Creating Networks from Bibliographic Data

Parsing Data

Methods for parsing bibliographic data are contained in the readers module. Tethne parses bibliographic data into a list of Paper objects that can then be used to generate networks.

Many (but not all) of the networks that Tethne can generate require citation data. The current version of Tethne only supports citation data from the Web of Science, which can be parsed using the readers.wos module. For example:

>>> import tethne.readers as rd
>>> papers = rd.wos.read("/Path/to/savedrecs.txt")

Tethne can also parse data from JSTOR’s Data-for-Research portal, using the readers.dfr module. Those data can be merged with a WoS dataset (see readers.merge()), or used on their own to generate coauthor networks, with networks.authors.coauthors().

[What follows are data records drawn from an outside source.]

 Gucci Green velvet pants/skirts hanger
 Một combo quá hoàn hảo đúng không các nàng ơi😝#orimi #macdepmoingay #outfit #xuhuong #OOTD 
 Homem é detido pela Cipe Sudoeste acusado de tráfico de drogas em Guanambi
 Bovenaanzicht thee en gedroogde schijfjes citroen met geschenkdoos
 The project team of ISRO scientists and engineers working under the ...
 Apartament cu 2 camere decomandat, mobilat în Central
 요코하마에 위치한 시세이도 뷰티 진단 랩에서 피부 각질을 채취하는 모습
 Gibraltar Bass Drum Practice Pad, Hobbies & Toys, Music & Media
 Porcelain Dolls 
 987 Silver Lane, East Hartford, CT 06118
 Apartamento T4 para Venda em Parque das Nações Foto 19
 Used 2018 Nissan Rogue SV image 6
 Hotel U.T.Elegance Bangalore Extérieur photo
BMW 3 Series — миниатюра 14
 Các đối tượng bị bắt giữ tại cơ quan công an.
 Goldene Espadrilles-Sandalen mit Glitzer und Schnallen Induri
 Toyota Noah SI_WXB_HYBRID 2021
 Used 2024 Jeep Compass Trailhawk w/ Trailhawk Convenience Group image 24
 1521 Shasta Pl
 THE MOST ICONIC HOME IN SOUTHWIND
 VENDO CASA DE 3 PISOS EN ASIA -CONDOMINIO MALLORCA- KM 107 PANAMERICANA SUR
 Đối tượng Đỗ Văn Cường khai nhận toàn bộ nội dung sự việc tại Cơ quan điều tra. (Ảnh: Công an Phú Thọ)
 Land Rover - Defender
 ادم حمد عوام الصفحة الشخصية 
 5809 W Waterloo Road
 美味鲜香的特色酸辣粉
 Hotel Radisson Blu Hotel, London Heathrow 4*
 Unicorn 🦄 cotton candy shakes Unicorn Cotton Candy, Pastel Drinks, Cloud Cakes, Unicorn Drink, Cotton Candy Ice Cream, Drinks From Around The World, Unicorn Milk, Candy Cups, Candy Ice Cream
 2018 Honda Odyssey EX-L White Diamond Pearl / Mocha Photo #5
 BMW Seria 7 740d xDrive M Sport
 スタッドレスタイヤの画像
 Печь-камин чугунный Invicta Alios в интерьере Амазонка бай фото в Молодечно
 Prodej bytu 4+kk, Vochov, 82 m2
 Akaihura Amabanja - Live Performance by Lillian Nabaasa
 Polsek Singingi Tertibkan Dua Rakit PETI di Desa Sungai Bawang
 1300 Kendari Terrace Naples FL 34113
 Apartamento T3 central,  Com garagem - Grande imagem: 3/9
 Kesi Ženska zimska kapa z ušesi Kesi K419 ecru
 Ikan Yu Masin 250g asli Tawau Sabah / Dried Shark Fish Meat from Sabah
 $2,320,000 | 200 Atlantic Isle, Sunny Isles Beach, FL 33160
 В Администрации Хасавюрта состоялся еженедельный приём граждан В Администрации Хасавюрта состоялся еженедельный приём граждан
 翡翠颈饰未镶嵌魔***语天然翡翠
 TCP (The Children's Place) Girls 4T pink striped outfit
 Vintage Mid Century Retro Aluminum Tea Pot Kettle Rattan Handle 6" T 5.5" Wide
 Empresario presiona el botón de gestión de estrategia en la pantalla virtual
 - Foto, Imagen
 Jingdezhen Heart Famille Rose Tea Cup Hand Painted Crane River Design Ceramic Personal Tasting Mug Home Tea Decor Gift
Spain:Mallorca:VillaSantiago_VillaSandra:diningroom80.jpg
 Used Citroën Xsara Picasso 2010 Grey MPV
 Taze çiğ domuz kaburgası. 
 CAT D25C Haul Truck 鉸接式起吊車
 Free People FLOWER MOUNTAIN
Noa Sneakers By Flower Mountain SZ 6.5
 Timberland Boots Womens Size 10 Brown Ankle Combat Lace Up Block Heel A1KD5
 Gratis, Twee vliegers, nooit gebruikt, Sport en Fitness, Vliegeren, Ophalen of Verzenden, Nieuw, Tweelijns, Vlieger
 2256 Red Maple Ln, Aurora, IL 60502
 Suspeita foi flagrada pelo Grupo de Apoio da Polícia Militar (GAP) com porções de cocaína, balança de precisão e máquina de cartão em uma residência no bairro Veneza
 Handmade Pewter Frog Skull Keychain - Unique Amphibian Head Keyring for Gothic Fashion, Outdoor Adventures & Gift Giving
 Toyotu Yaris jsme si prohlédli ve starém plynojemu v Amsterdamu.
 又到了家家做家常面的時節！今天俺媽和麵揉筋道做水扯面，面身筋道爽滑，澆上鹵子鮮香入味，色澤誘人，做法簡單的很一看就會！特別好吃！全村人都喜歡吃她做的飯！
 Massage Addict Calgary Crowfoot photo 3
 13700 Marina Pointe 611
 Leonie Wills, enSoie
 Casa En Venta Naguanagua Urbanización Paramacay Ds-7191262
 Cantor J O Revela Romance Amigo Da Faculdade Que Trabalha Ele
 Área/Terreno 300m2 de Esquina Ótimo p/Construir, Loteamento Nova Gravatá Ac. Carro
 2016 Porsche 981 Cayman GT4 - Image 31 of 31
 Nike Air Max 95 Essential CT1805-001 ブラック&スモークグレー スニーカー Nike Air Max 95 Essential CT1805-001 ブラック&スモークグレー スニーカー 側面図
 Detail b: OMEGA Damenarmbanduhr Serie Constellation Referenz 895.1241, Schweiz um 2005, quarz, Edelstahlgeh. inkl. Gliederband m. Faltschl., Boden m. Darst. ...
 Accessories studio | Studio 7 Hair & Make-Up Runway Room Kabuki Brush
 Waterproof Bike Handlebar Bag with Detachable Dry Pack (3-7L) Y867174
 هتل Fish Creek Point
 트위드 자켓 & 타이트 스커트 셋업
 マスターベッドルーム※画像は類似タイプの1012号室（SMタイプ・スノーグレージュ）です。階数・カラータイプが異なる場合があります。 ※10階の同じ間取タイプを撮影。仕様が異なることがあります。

>>> import tethne.readers as rd
>>> papers = rd.dfr.read("/Path/to/DfR")

Creating Networks

There are many different network models that can be used to describe bibliographic data. These can be roughly divided into two categories: networks that describe relationships among documents, and networks that describe relationships among the authors of those documents. For specific methods, see Networks of Documents and Networks of Authors.

All network-building methods can be found in the networks module. nt is the recommended namespace convention.

>>> import tethne.networks as nt

There are two main ways of using network-building methods:

Generating a single network directly from a list of Paper objects

All methods in tethne.networks take lists of Paper as arguments. For example:

>>> import tethne.readers as rd
>>> papers = rd.wos.read("/Path/to/savedrecs.txt")
>>> import tethne.networks as nt
>>> BC = nt.papers.bibliographic_coupling(papers, threshold=2)

Generating a GraphCollection from a DataCollection

This is useful in cases where you want to evaluate the evolution of network structure over time, or compare networks generated using subsets of your data.

To generate a time-variant GraphCollection, slice your DataCollection using the date field. In the example below, data are sliced using a 4-year sliding time-window (for details about slicing, see tethne.data.DataCollection.slice()).

>>> # Parse data.
>>> import tethne.readers as rd
>>> papers = rd.wos.read("/Path/To/FirstDataSet.txt")

>>> # Create a DataCollection, and slice it.
>>> from tethne.data import DataCollection, GraphCollection
>>> D = DataCollection(papers)
>>> D.slice('date', 'time_window', window_size=4)

>>> # Build a GraphCollection using a network from tethne.networks.
>>> from tethne.builders import authorCollectionBuilder
>>> builder = authorCollectionBuilder(D)
>>> C = builder.build('date', 'coauthors')

C.keys() should now yield a list of publication dates in the original dataset.

A DataCollection can be sliced using any int or str field in the Paper class. If you wish to compare networks generated from two WoS downloads, for example, you could slice using the accession id:

>>> # Parse data.
>>> import tethne.readers as rd
>>> papers = rd.wos.read("/Path/To/FirstDataSet.txt")
>>> papers += rd.wos.read("/Path/To/SecondDataSet.txt")
>>> # Create a DataCollection, and slice it.
>>> from tethne.data import DataCollection, GraphCollection
>>> D = DataCollection(papers)
>>> D.slice('accession')
>>> # Build a GraphCollection using a network from tethne.networks.
>>> from tethne.builders import authorCollectionBuilder
>>> builder = paperCollectionBuilder(D)
>>> C = builder.build('date', 'cocitation', threshold=2)

C.keys() should now yield two values, each an accession UUID.

Networks of Documents

Methods for building networks in which vertices represent documents are provided in the networks.papers module.

tethne.networks.papers.author_coupling(papers) Vertices are papers and edges indicates shared authorship.
tethne.networks.papers.bibliographic_coupling(papers) Generate a bibliographic coupling network.
tethne.networks.papers.cocitation(papers[, ...]) Generate a cocitation network.
tethne.networks.papers.direct_citation(papers) Create a traditional directed citation network.

Networks of Authors

Methods for building networks in which vertices represent authors are provided in the networks.authors module.

tethne.networks.authors.author_cocitation(papers) Generates an author co-citation network; edges indicate co-citation of authors’ papers.
tethne.networks.authors.author_coinstitution(Papers) Generate a co-institution graph, where edges indicate shared affiliation.
tethne.networks.authors.author_institution(Papers) Generate a bi-partite graph connecting authors and their institutions.
tethne.networks.authors.author_papers(papers) Generate an author_papers network NetworkX directed graph.
tethne.networks.authors.coauthors(papers[, ...]) Generate a co-author network.